As regards the patient, one of the symptoms of the inferiority complex is
extreme self-consciousness. He blushes easily, is often emotional, sometimes
almost hysterical, but worst of all is his acute sense of difference from his fellows,
inseparable from his condition, unless the stammer is a very mild one. This feeling
of inferiority or inadequacy will gradually colour his whole personality ; he does not
confine it to speech ; he begins to doubt himself in other directions as well, e.g., his
ability to do good work, or to establish contact with his fellows. In extreme cases
he may go about with a hanging head, be unable to look people in the face and will
avoid responsibility, preferring always to keep in the background. He is hypersensitive
and in constant fear of ridicule. As Locke said in 1690 : " Defected minds,
timorous and tame, and low spirits are hardly ever to be raised and very seldom
attain to anything."
This inferiority complex may be due, more especially in a child, to environment.
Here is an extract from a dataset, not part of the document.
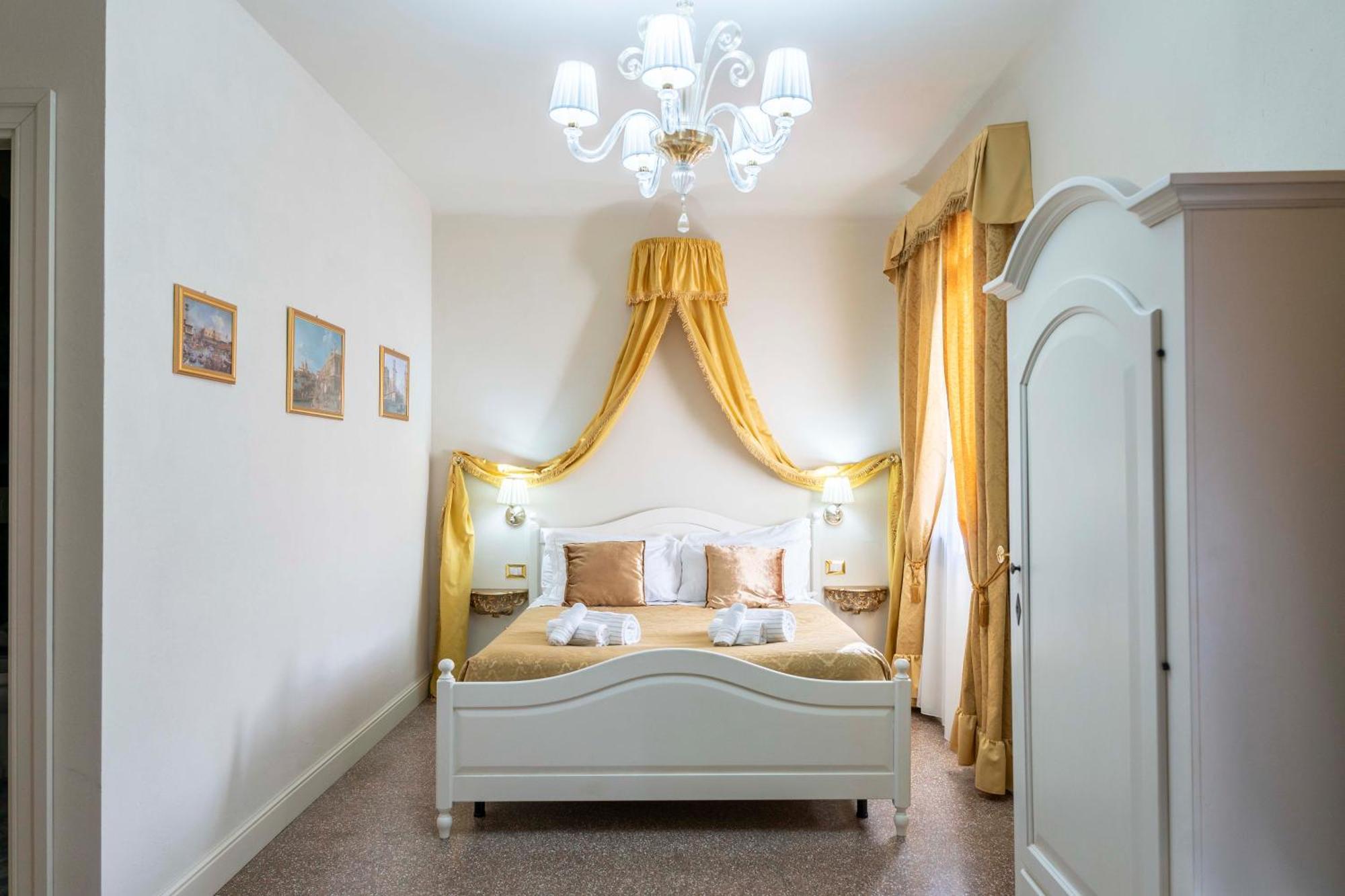 Palazzo Titti Rialto Suites Venedig Eksteriør billede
Constant discouragement and fault-finding will gradually undermine self-confidence
and a child whose manner, appearance or achievements are the subjects of continual
adverse criticism can hardly fail to develop an inferiority complex.
Stammering, then, is associated with a condition of instability of the nervous
system and enuresis and delinquency. The relationship in the last-mentioned
complaints has been attributed to the same cause. Dr. Verner Wiley made some
notes on the signs of physical instability and the type of mental instability found
in non-defective delinquents examined by him. His results, given in the School
Medical Officer's Annual Report for 1929, page 82, show that of 401 cases at Pontonroad
Place of Detention, 26, or 7.3 per cent., suffered from enuresis and six
cases, or 1.7 per cent., stammered. In another group of 522 consecutive cases of
stammerers 36, or 6.9 per cent., suffered with enuresis.